1. Field of the Invention
The present invention relates generally to electromagnetic (EM) telemetry, and, more particularly, to a method and apparatus for facilitating EM wave reception of drilling and geological data in a fixed downhole receiver of an EM telemetry system. The invention has general application in the field of hydrocarbon exploration and production.
2. Description of Related Art
In standard practice, EM telemetry systems transmit drilling and geological data from downhole tools, such as a measurement-while-drilling (MWD) tool, to a location at the surface for analysis. The drilling and geological data usually provides important information regarding any potential problems that may occur during downhole operations. For example, the data characterizing the downhole conditions may indicate the production of water or sand, in which case, immediate notification of such is desired in order that corrective action may be taken. Accordingly, it is important to receive this downhole data at the surface in an accurate and expeditious manner to optimize operational response to any potential problems.

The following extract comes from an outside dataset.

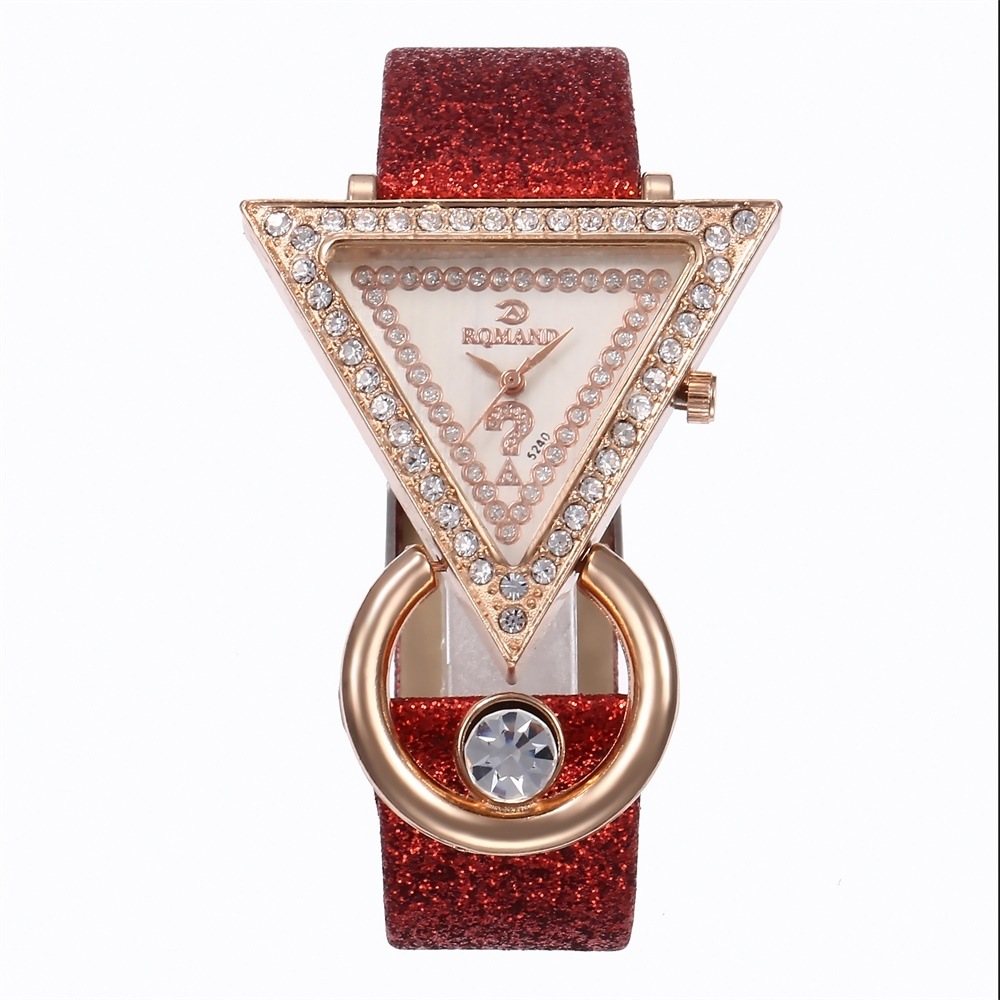 Einfacher Stil Klassischer Stil Einfarbig Schnalle Quarz Frauen Uhren display picture 2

Currently, EM telemetry is generally limited to shallow land rigs where the formations are quite resistive (i.e., on the order of ten ohm-m or more). In a conventional EM telemetry system, an MWD tool includes a transmitter to transmit drilling and geological data to a receiver, which is typically located on the surface near the drilling rig. The transmitter of the MWD tool broadcasts a low frequency EM wave, typically in the tens of Hz or less. For a shallow and relatively high resistive formation, the current EM transmission scheme will typically suffice for conveying this data to the drilling surface.
In an offshore drilling operation, however, the EM wave will typically pass through thousands of feet of low resistivity formations of about 1 ohm-m, and then through hundreds to thousands of feet of salt water, having a resistivity of about 0.2 ohm-m, before reaching the receiver on the surface. Under the current EM telemetry scheme, however, the attenuation of the EM wave is too high for this approach to be practical. Moreover, the receiver being located on the drilling surface is typically subjected to high ambient EM noise from the drilling rig itself, thus further complicating the matter.
GB 2299915B to K. Babour (assigned to the present assignee) describes an alternative approach to placing the EM receiver at the surface. Babour proposes placing an EM receiver on the riser or on the platform itself. Even in such cases, however, the received EM signal might be quite small because of a likely low resistivity in those rock formations near the seabed. The method of Babour has been modified in U.S. Pat. No. 6,018,501, to Smith et al., to transmit the received EM signal from the seabed via an acoustic retransmission to a surface receiver. EP 0945590 A2 to Harrison proposes receiving the signal along an electrical conduit from a seabed template for transmission to the surface. Neither of these proposed techniques addresses the issue that the original EM signal received is small. Because it is important to receive the drilling and geological data accurately and expeditiously at the surface to take immediate corrective action for any problems that may occur during the downhole operations, an EM telemetry scheme which relies upon receivers near or above the seabed will not suffice for accomplishing such while drilling in deeper formations.
The present invention is directed to overcoming, or at least reducing the effects of, one or more of the problems set forth above.
In one aspect of the invention, a downhole telemetry system is provided. The system includes a first tubular disposed within a borehole, the first tubular having an elongated body and including at least one slot formed in a portion thereof. A second tubular is also disposed within the first tubular. The second tubular having a receiver, adapted to receive a signal, mounted thereon and positioned within the first tubular such that the receiver is aligned with the at least one slot formed in the first tubular.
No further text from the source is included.